Task instructions
Transcribe exactly the lines from the one containing "a bathroom with" through the end of the data, both included. Leave out pictures.

Records
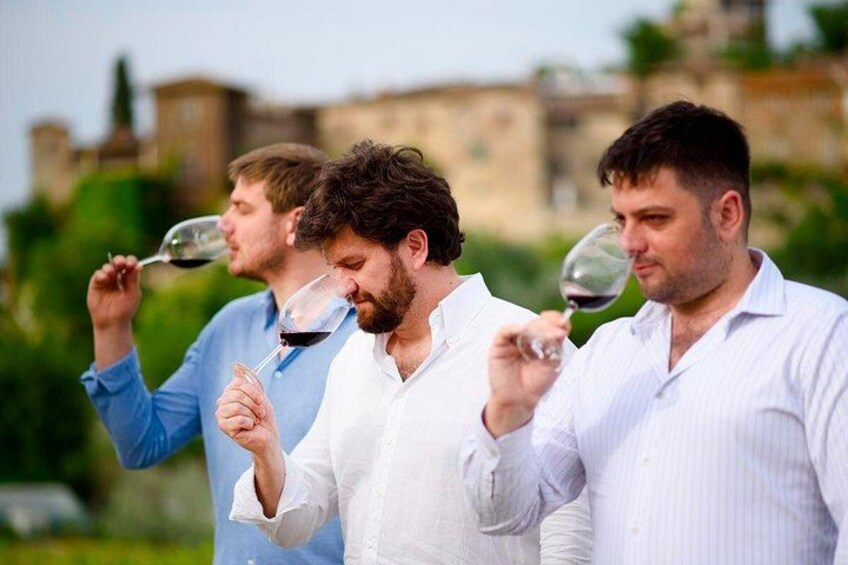 Three men tasting wine outdoors with a historic building in the background. 4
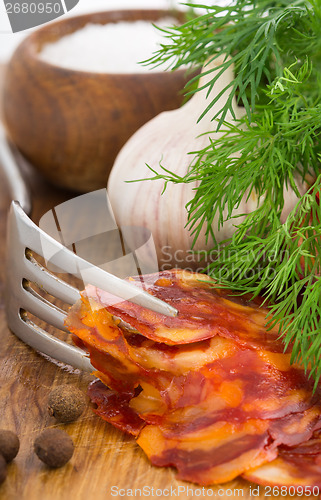 Image of rustic still life with a slice of sausage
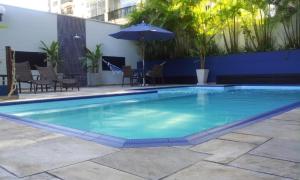 a large blue swimming pool with chairs and an umbrella at Cobertura duplex Landmark jardins in São Paulo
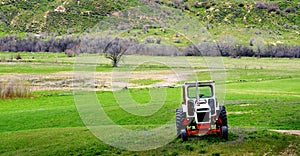 Old Tractor on Farm Field Green with Hills Mountains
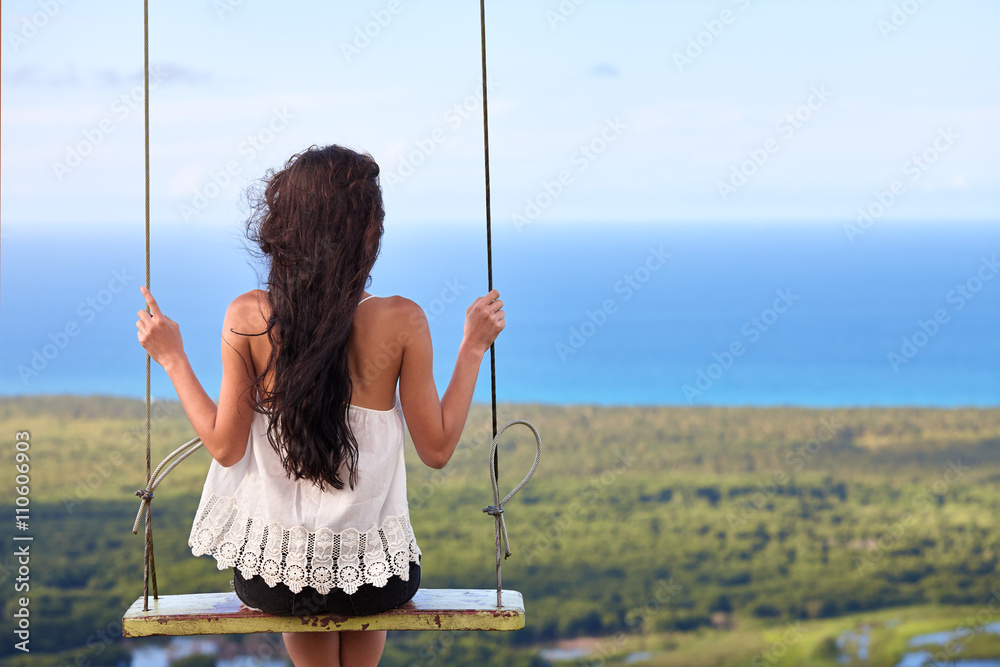 Sea landscape with a girl on swing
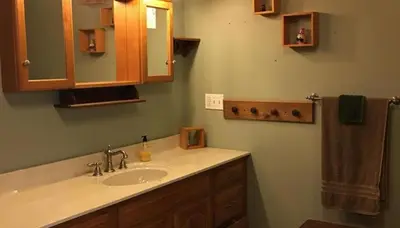 a bathroom with a sink and a mirror at The Lodge - Chestnut Log Cabin in Genoa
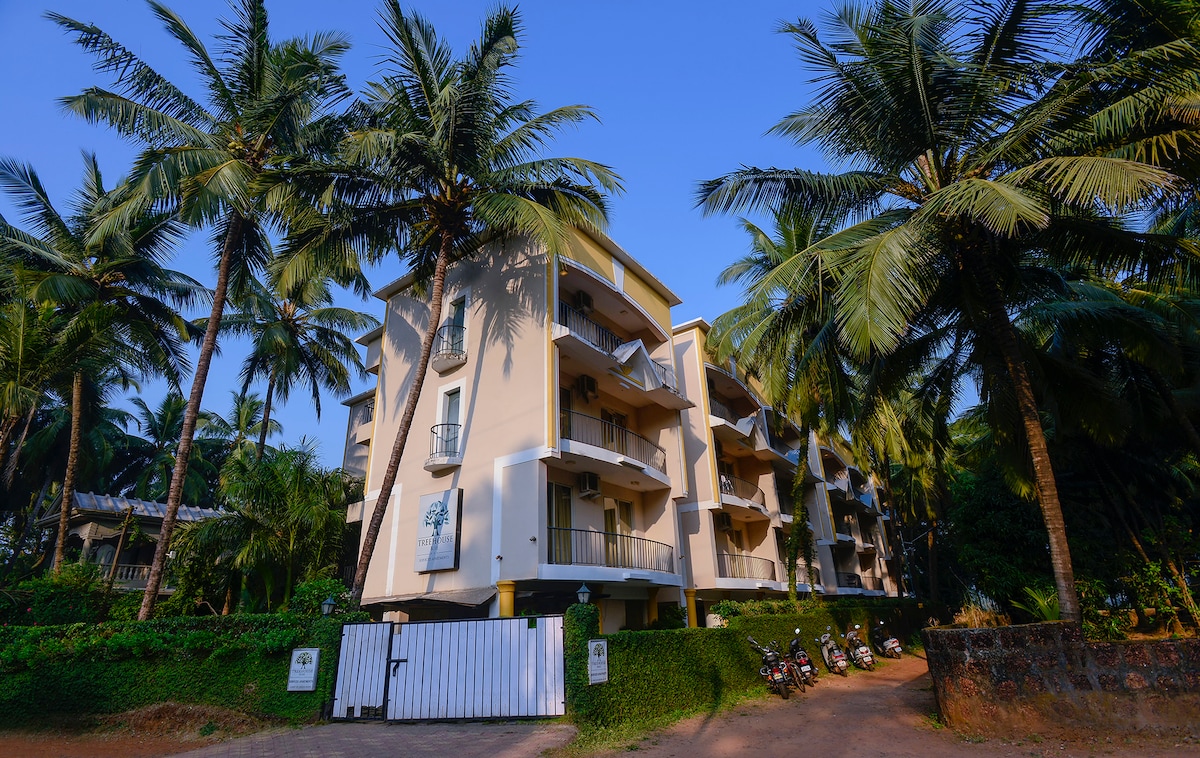 A three-story aparthotel is surrounded by lush palm trees, creating a serene atmosphere. The building features spacious balconies, with a gated entrance visible. Several parked motorcycles are present near the entrance, set against a backdrop of well-maintained greenery.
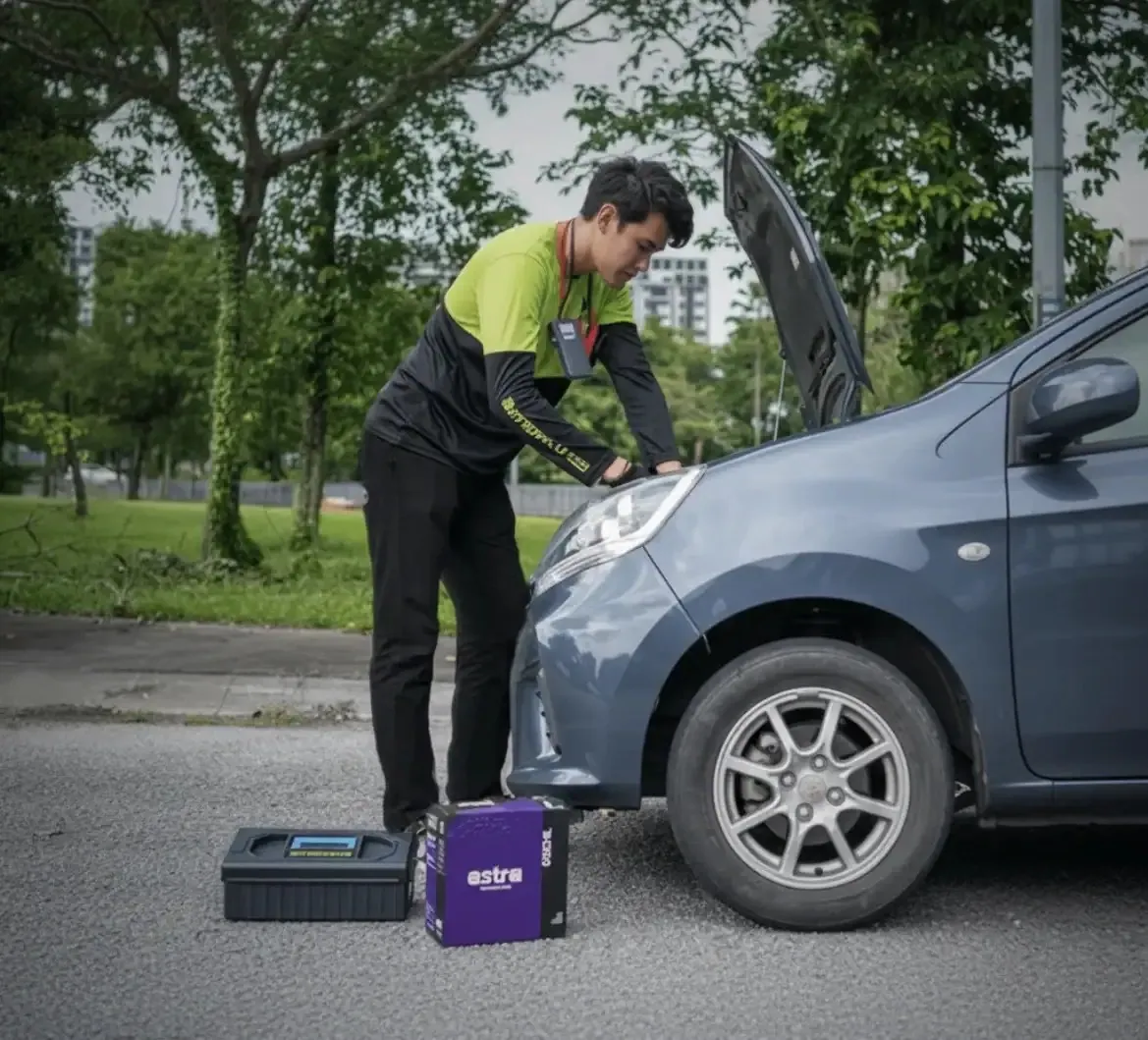 Technician working on a car with a jump pack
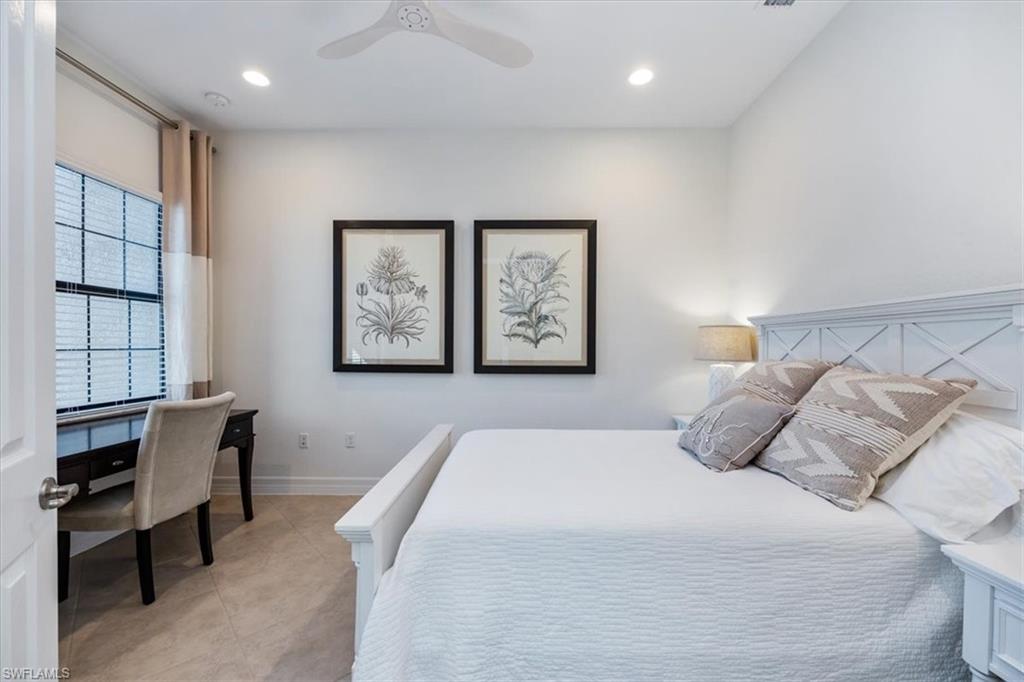 13459 Sumter Lane Naples, FL 34109 - Photo 16 of 33 a bedroom with a large bed and a desk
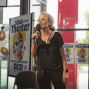 Eine Frau steht bei einer Veranstaltung in einem hellen Foyer und spricht mit einem Mikrofon vor Plakaten eines Schultheater-Festivals. Neben ihr sind Luftballons, ein Mikrofonständer und große Fenster mit Blick ins Grüne zu sehen.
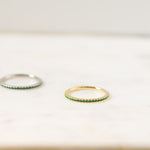 Delicate gold cz eternity birthstone ring in soft studio lighting.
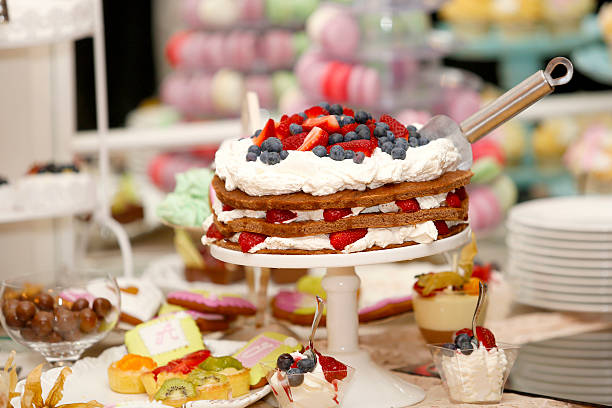 istock cake with strawberries and blueberries 497312046
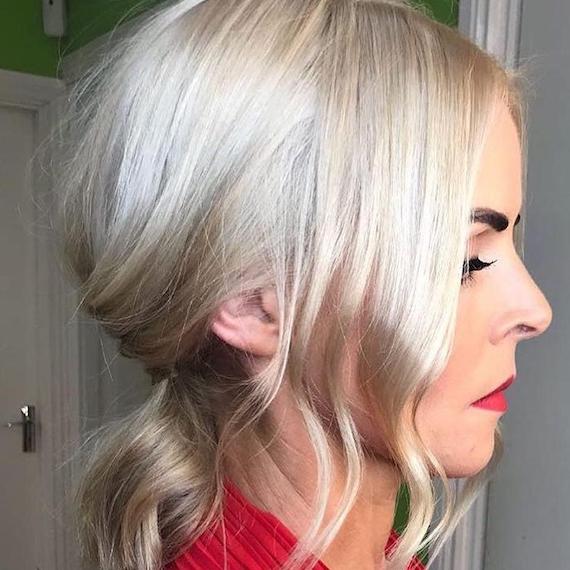 Side profile of woman with icy blonde hair styled in a low ponytail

Result for this exercise
 a bathroom with a sink and a mirror at The Lodge - Chestnut Log Cabin in Genoa
 A three-story aparthotel is surrounded by lush palm trees, creating a serene atmosphere. The building features spacious balconies, with a gated entrance visible. Several parked motorcycles are present near the entrance, set against a backdrop of well-maintained greenery.
 Technician working on a car with a jump pack
 13459 Sumter Lane Naples, FL 34109 - Photo 16 of 33 a bedroom with a large bed and a desk
 Eine Frau steht bei einer Veranstaltung in einem hellen Foyer und spricht mit einem Mikrofon vor Plakaten eines Schultheater-Festivals. Neben ihr sind Luftballons, ein Mikrofonständer und große Fenster mit Blick ins Grüne zu sehen.
 Delicate gold cz eternity birthstone ring in soft studio lighting.
 istock cake with strawberries and blueberries 497312046
 Side profile of woman with icy blonde hair styled in a low ponytail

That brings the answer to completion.